Indonesian Text Classification
Models and its Dataset for Indonesian Text Classification
Text Classification is the processing of labeling or organizing text data into groups. It forms a fundamental part of Natural Language Processing.
By Wilson Wongso, Steven Limcorn and AI-Research.id team
June 1, 2021
Models
Name | Description | Author | Link |
---|---|---|---|
Indo RoBERTa Emotion Classifier | Indo RoBERTa Emotion Classifier is emotion classifier based on Indo-roberta model. It was trained on the trained on IndoNLU EmoT dataset. The model used was Indo-roberta and was transfer-learned to an emotion classifier model. Based from the IndoNLU bencmark, the model achieve an f1-macro of 72.05%, accuracy of 71.81%, precision of 72.47% and recall of 71.94%. | Steven Limcorn | HuggingFace |
Indonesian RoBERTa Base Sentiment Classifier | Indonesian RoBERTa Base Sentiment Classifier is a sentiment-text-classification model based on the RoBERTa model. The model was originally the pre-trained Indonesian RoBERTa Base model, which is then fine-tuned on indonlu’s SmSA dataset consisting of Indonesian comments and reviews. | Wilson Wongso | HuggingFace |
Datasets
Name | Description | Author | Link |
---|---|---|---|
HoASA | An aspect-based sentiment analysis dataset consisting of hotel reviews collected from the hotel aggregator platform, AiryRooms. The dataset covers ten different aspects of hotel quality. Similar to the CASA dataset, each review is labeled with a single sentiment label for each aspect. There are four possible sentiment classes for each sentiment label: positive, negative, neutral, and positive-negative. The positivenegative label is given to a review that contains multiple sentiments of the same aspect but for different objects (e.g., cleanliness of bed and toilet). | A. N. Azhar, M. L. Khodra, and A. P. Sutiono | HuggingFace |
Indonesian Clickbait Headlines | The CLICK-ID dataset is a collection of Indonesian news headlines that was collected from 12 local online news publishers; detikNews, Fimela, Kapanlagi, Kompas, Liputan6, Okezone, Posmetro-Medan, Republika, Sindonews, Tempo, Tribunnews, and Wowkeren. | Andika William and Yunita Sari | HuggingFace |
CASA | An aspect-based sentiment analysis dataset consisting of around a thousand car reviews collected from multiple Indonesian online automobile platforms.

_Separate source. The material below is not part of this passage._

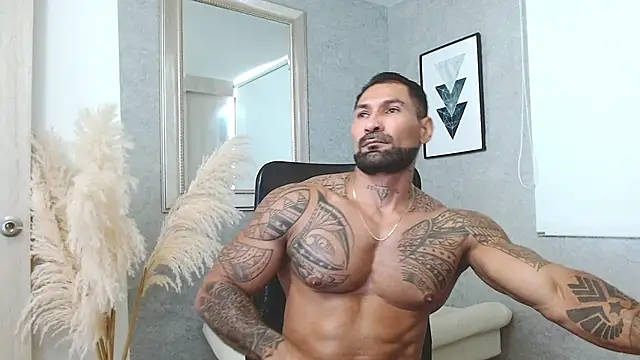 brooklyn- online show from 03-12-26, 03:16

The dataset covers six aspects of car quality. We define the task to be a multi-label classification task, where each label represents a sentiment for a single aspect with three possible values: positive, negative, and neutral. | Arfinda Ilmania, Abdurrahman, Samuel Cahyawijaya, Ayu Purwarianti | HuggingFace |
SmSA | This sentence-level sentiment analysis dataset is a collection of comments and reviews in Indonesian obtained from multiple online platforms. The text was crawled and then annotated by several Indonesian linguists to construct this dataset. There are three possible sentiments on the SmSA dataset: positive, negative, and neutral. | Ayu Purwarianti and Ida Ayu Putu Ari Crisdayanti | HuggingFace |
WReTE | The Wiki Revision Edits Textual Entailment dataset consists of 450 sentence pairs constructed from Wikipedia revision history. The dataset contains pairs of sentences and binary semantic relations between the pairs. The data are labeled as entailed when the meaning of the second sentence can be derived from the first one, and not entailed otherwise. | Ken Nabila Setya and Rahmad Mahendra | HuggingFace |
EmoT | An emotion classification dataset collected from the social media platform Twitter. The dataset consists of around 4000 Indonesian colloquial language tweets, covering five different emotion labels: anger, fear, happy, love, and sadness. | Mei Silviana Saputri, Rahmad Mahendra, and Mirna Adriani | HuggingFace |
SentiWS | This dataset add sentiment lexicons for 81 languages generated via graph propagation based on a knowledge graph–a graphical representation of real-world entities and the links between them. | Chen, Yanqing and Skiena, Steven | HuggingFace |
WiLI-2018 | WiLI-2018, the Wikipedia language identification benchmark dataset, contains 235000 paragraphs of 235 languages. The dataset is balanced and a train-test split is provided. | Thoma, Martin | HuggingFace |